For trivial changes, where someone decides to change the spelling of a method because the old one didn't meet some convention (I've lost count of the number of times this has happened), it means that now you get a compiler warning saying 'getfoo() is deprecated, use getFoo() instead', rather than a 'getfoo() doesn't exist, go and read the docs (if they exist) to find out what it is called this week'.
> 2. Use stable releases, only core developers work on trunk
> - Changes are big, infrequent
> 2.a No API changes
> - No code breakage, we can use compilers as old as Stallman
> - Every platform is covered
> - The toolchain doesn't evolve
> 2.b API changes between each release
> - API changes only after *at least* six months notice
> - Massive work to move code, but only twice a year
> - The toolchain evolves with time
>
> In a nutshell, if we want the toolchain to evolve with time, we'll need to have API changes, and we'll need to update surrounding software to cope with that. The only difference is if we want to be doing this as our day-to-day job, or twice a year (or even less than that if you stay on a release for a while longer).
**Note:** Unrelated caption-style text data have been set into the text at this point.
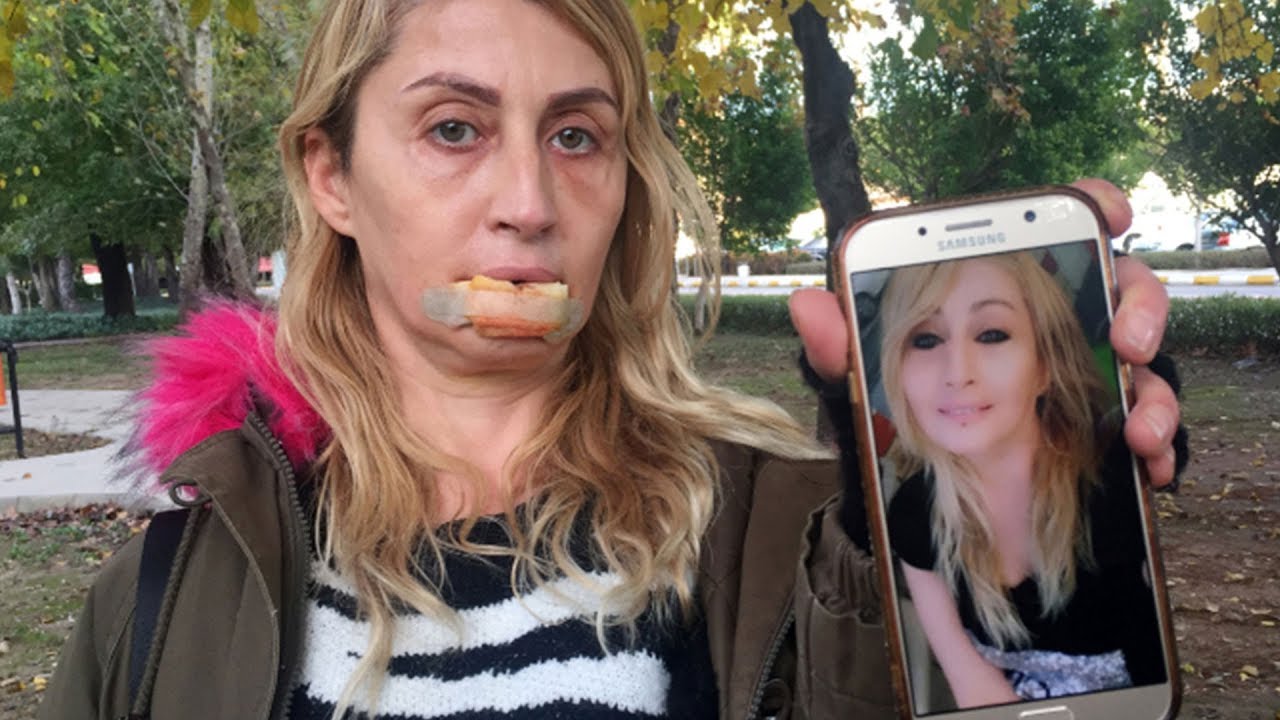 Güzellik uğruna kaybettiği dudağına yeniden kavuşacak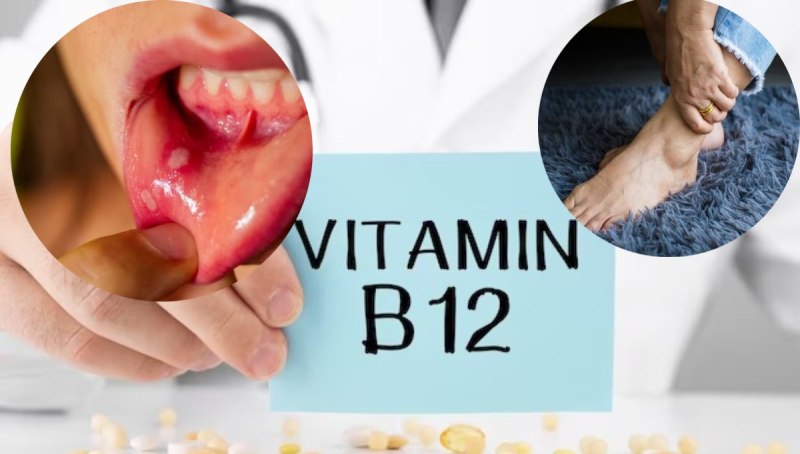 Vitamin B12 deficiency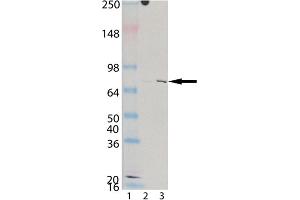 Western blot analysis of KIM-1 (human), mAb (3F4) : Lane 1: MW marker, Lane 2: HeLa, (cell lysate) , Lane 3: CaKi-2 (cell lysate). (HAVCR1 Antikörper)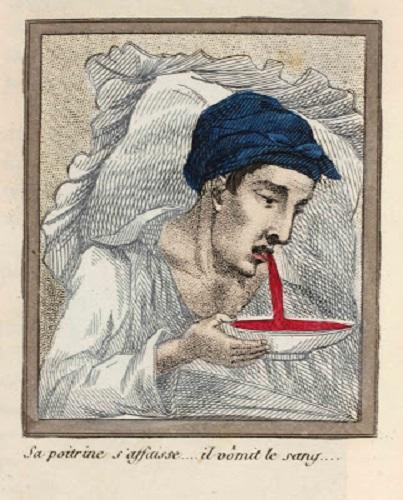 1830 Yılında Yaşayan ve Mastürbasyon Yüzünden Acı ve Izdırap Dolu Bir Son Yaşayan İbretlik Bir Gencin Hikayesi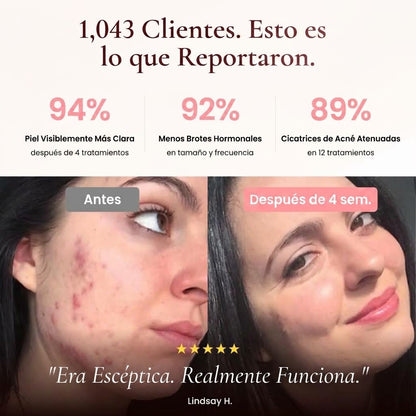 Máquina de Alta Frecuencia Facial Beauty Pro® — Trata el Acné desde su Origen | 4 Electrodos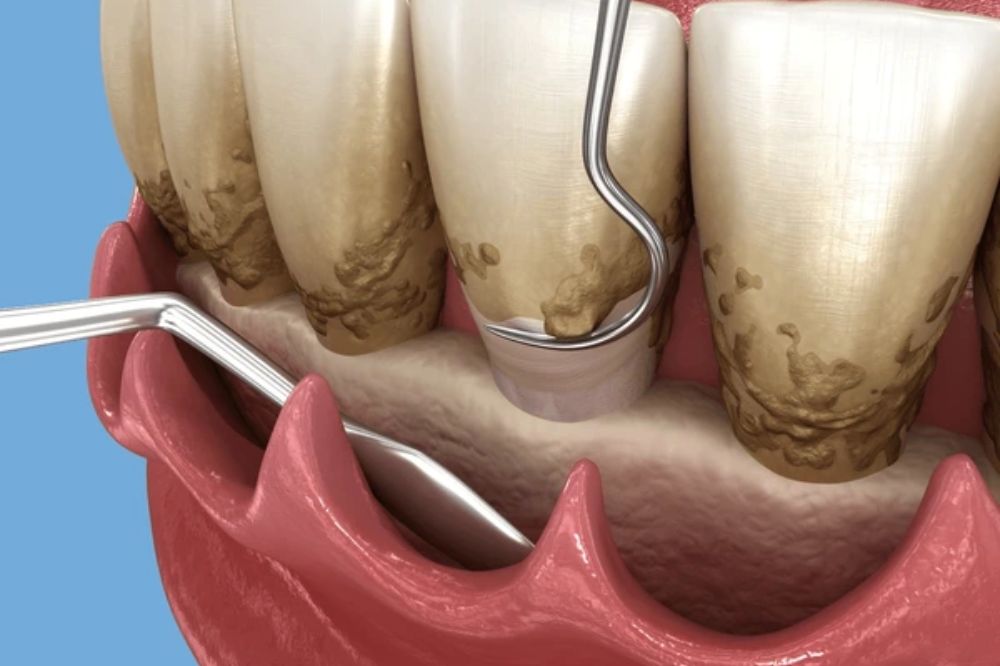 the importance of scaling and root planing for gum health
I personally think that it's more manageable to do that on releases than on trunk (been there, done that, and it sucks).
>
> All projects that depend on GCC do that on a release basis (including kernels, distros, etc) and they have a massive undertaking on each release of the toolchain. That includes new errors, new libraries, new options. In your case it's a little worse, because it'll also change the compiler you'll have to use on *your* project, and that's not something GCC users are used to, but it has to happen one day or another.
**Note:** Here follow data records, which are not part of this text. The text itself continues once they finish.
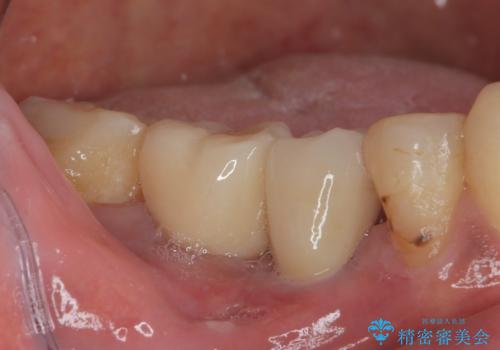 抜歯とむし歯治療を途中で放置 インプラント補綴治療の治療後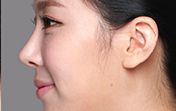 東莞第五人民醫(yī)院美容科綜合評(píng)價(jià)及專家推薦！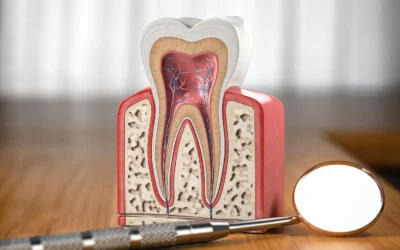Root Canals: Separating Painful Myths from Modern, Gentle Reality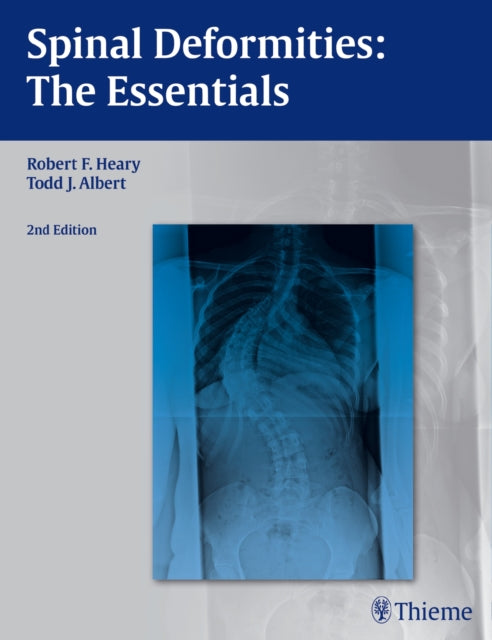 Book cover of: Spinal Deformities. By: Robert F. Heary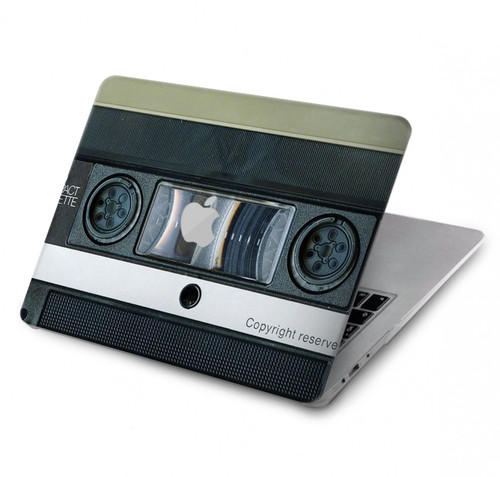 S1872 VDO Tape Hard Case For MacBook Pro Retina 13″ - A1425, A1502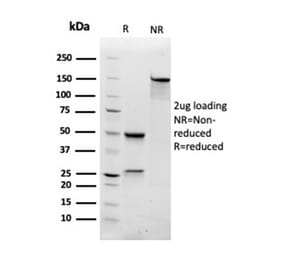 SDS-PAGE - Anti-RAC1 Antibody [CPTC-RAC1-1] - BSA and Azide free (A253007) - Antibodies.com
I don't think GCC is the right comparison, because GCC is a compiler. LLVM is (intended to be) a set of reusable libraries for building compilers.
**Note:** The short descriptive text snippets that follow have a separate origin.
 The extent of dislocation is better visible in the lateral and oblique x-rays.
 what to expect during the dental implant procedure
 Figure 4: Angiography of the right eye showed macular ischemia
Maintaining approximately stable APIs and providing a deprecation strategy and well-documented upgrade mechanisms (i.e. If you are using this API, you need to stop and start using this one. Here is where the new one is documented, and here are some examples of how it's used.) is the difference between LLVM being a set of reusable libraries and LLVM being a bunch of common code that's been factored out of a few programs.